Show HN: I wrote a tool in Rust for tracking all allocations in a Linux process (opens in new tab)

(github.com)

113 pointsmkimball3y ago30 comments

30 comments

Neat. I had made something similar for work a while back, but as a LD_PRELOAD library that intercepted calls to malloc and friends. It would add extra space to every allocation so it could add a pointer at the end that would point into a leaf node of a call graph backtrace tree it maintained. Each node in the tree had lifetime allocated/freed block counts and bytes by code site. The cool part about it was that it barely affected the performance of the application.

It made its own socket and thread to listen on it. It would just dump a snapshot of tree to anything that connected. I also had some tooling that would let you diff two snapshots, since it was helpful to see if particular stimuli cause persistent extra allocations. While finding the largest outstanding delta between allocated and free bytes was great for finding leaks, sorting by lifetime count of blocks allocated was also fun. I remember some little puzzle game I enjoyed playing at the time would allocate and free tens of thousands of blocks as you dragged a line around for a second.

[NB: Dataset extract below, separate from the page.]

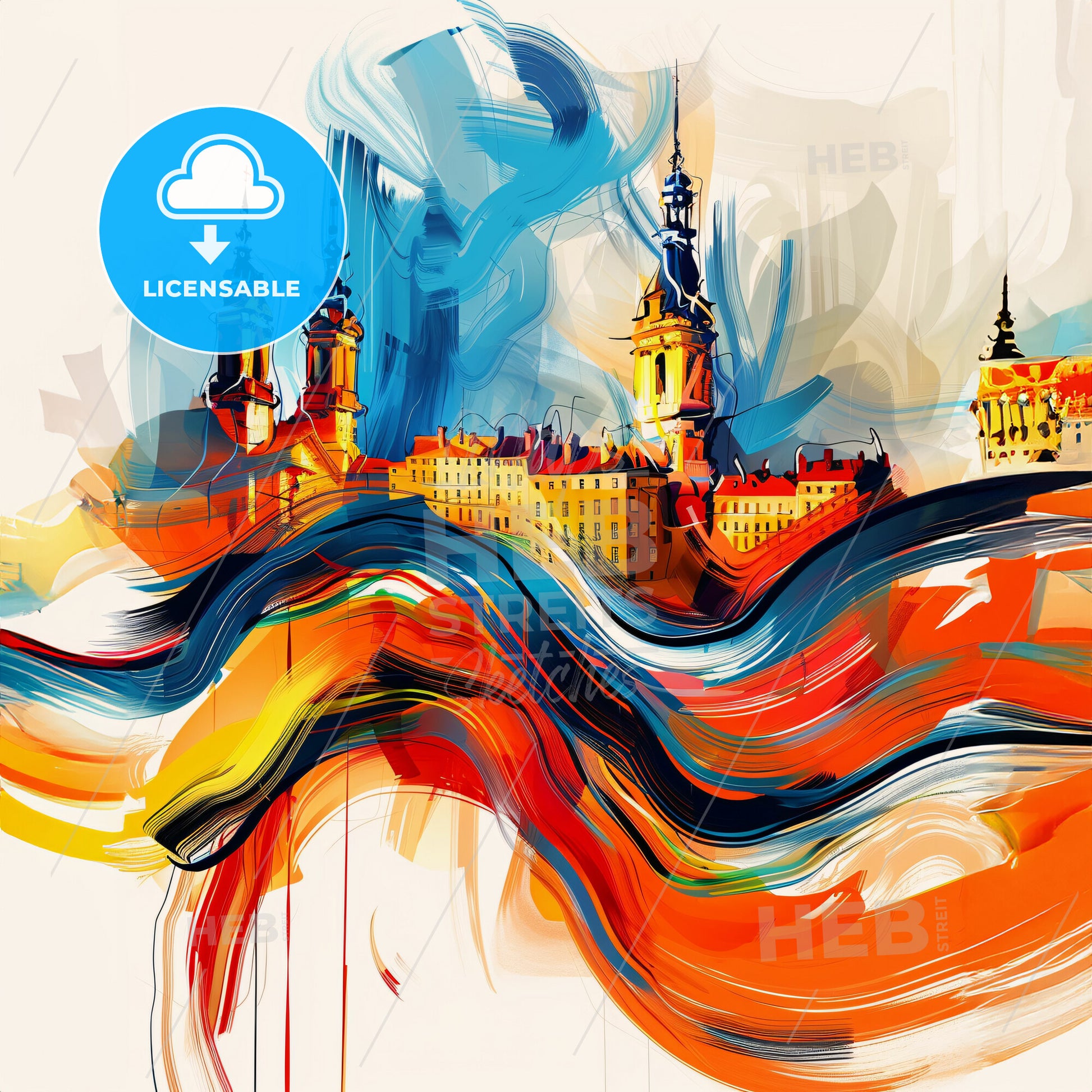 Vibrant Rennes, France - A Colorful Painting Of A City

There was a tricky chicken and egg problems with LD_PRELOAD wrapping one of the allocation functions, because it was used internally by dlsym, which I was using to retrieve pointers to the proper function implementations. (calloc if I recall correctly.) I hacked around it by making my library allocate bytes out of a static char array for the calloc call that would happen while dlsym-ing for calloc. Debugging this was a nightmare, since it would break so early in the process's lifetime that GDB breakpoints weren't functioning. Tracking in a second process seems like a way simpler idea, and probably doesn't have too much of an impact on performance.

Scramblejams3y ago

If $JOB will let you throw it on GitHub, I'll try it!

arsome3y ago

Sounds interesting but I'd very much appreciate knowing what the output any exploration capabilities look like in allocscope-view before jumping into installation, maybe add some screenshots to the readme. Poking around the code it looks like a curses-based interface.

mkimballOP3y ago

Yeah, it's a curses based interface, but with an option to output a text report for offline use.

Good idea to add screenshots.

wongarsu3y ago

That looks quite neat.

Though I'm currently not on a x64 linux, and since the main selling point seems to be the TUI it would be great to have a couple screenshots, or even better a gif of an asciinema recording (or whatever people use now).

yohannesk3y ago

This might help https://twitter.com/KimballCode/status/1614276163005726720?c...

catskul23y ago

Could you compare/contrast its functionality to https://github.com/KDE/heaptrack ?

alschwalm3y ago

Interesting approach. How is performance compared to something like https://github.com/koute/bytehound

kouteiheika3y ago

Bytehound author here.

Just from a cursory look at the README:

> allocscope-trace attaches to another process as a debugger. By using breakpoints on memory allocation functions such as malloc it tracks allocations made by that process.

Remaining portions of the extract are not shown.